Pessoa, uma biografia
Este ano finalista do Pulitzer, a biografia de Fernando Pessoa por Richard Zenith reconstrói, em mais de mil páginas, a vida através da obra
TEXTO JOSÉ MÁRIO SILVA
N
O fio condutor da biografia é sempre a obra, esse labirinto disperso e esquivo, construído por dezenas de identidades diferentes (entre heterónimos e semi-heterónimos), uma “espécie de Pompeia literária” que vamos entrevendo no meio dos “escombros das suas obras semiacabadas e fragmentárias”. Mais do que explicar o mistério deste homem de natureza reservada, embora expansivo e alegre quando entre amigos, nas tertúlias, Zenith procurou os sinais da sua inscrição no tempo em que lhe coube viver, não só o tempo individual (o da sua trajetória discreta, sem nunca se afastar muito de um círculo apertado: primeiro em Durban, depois em Lisboa), mas também o tempo histórico de Portugal e do Mundo, no final do séc. XIX e primeiro quartel do séc.
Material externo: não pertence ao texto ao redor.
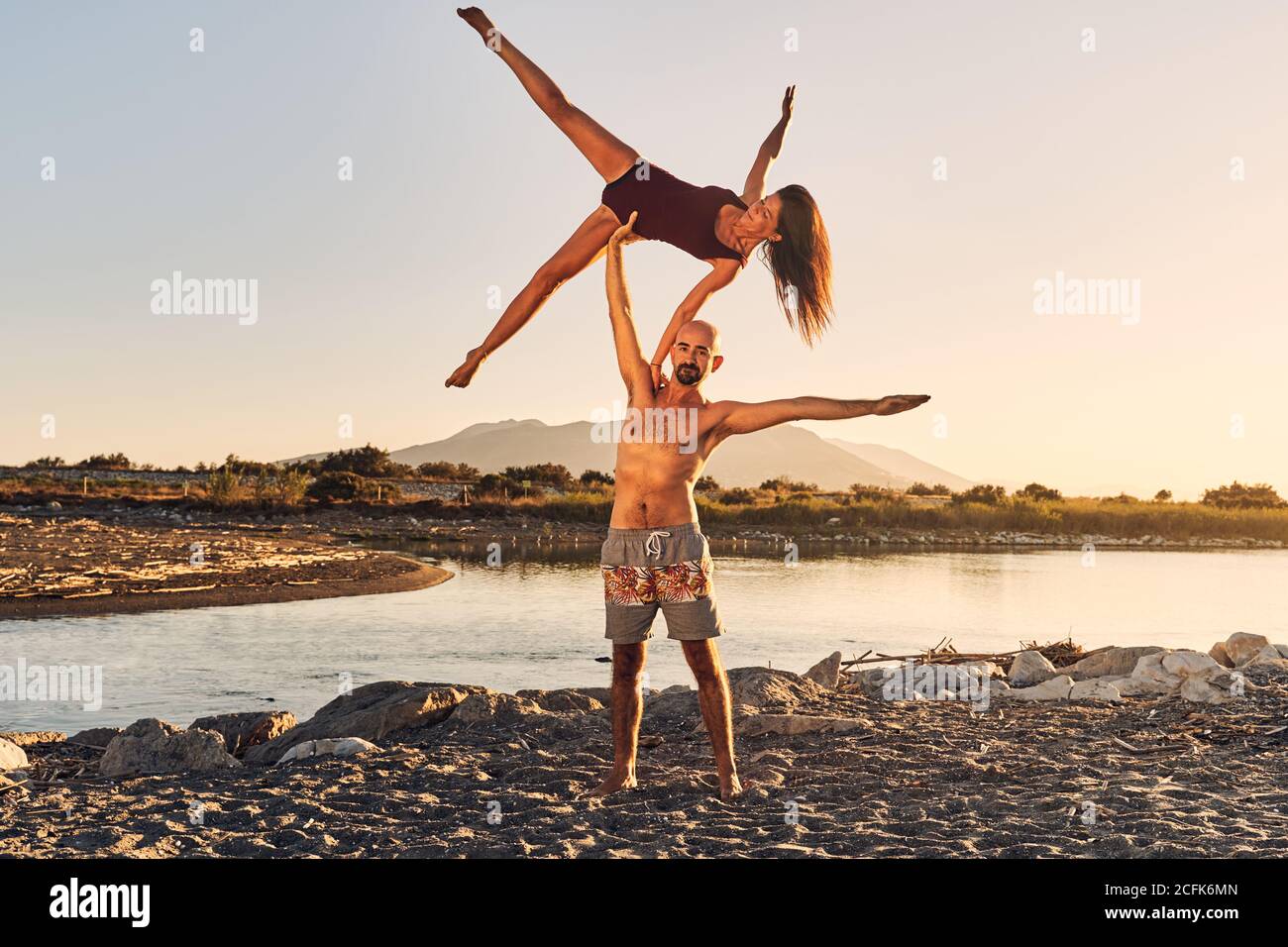 Slim woman leaning on shoulder of man and balancing on arm while doing acroyoga together near river Stock Photo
XX.
Década a década, assistimos cronologicamente à crescente tensão entre esses dois tempos, sempre devidamente contextualizados (notando-se, aqui e ali, que o texto foi inicialmente pensado para um público não conhecedor da realidade portuguesa). Ao longo de mais de 12 anos de trabalho, Zenith encontrou um tom equilibrado, sem grandes arroubos, um estilo bastante acessível, sem abdicar do rigor que se espera de um académico. Para elucidar determinadas circunstâncias, há aproximações a versos e prosas escritas por Pessoa, seja na sua correspondência, seja em certas obras (como os poemas em língua inglesa, por exemplo, no caso da idealização homoerótica).
Mas a tentação erudita nunca se sobrepõe à fluidez do texto, assumidamente direcionado para um público não especialista. Sem surpresa, o retrato de Pessoa que emerge deste livro não é completo, nem definitivo. Há, e provavelmente haverá sempre, espaço para outras abordagens, outros ângulos, outras perspetivas. E, nem de propósito, neste final de ano acaba de ser editada outra biografia monumental de Pessoa (“O Super-Camões”, de João Pedro George, D. Quixote, quase 1000 páginas), a primeira de um autor português desde a que João Gaspar Simões escreveu em 1950, apenas 15 anos após a morte do poeta.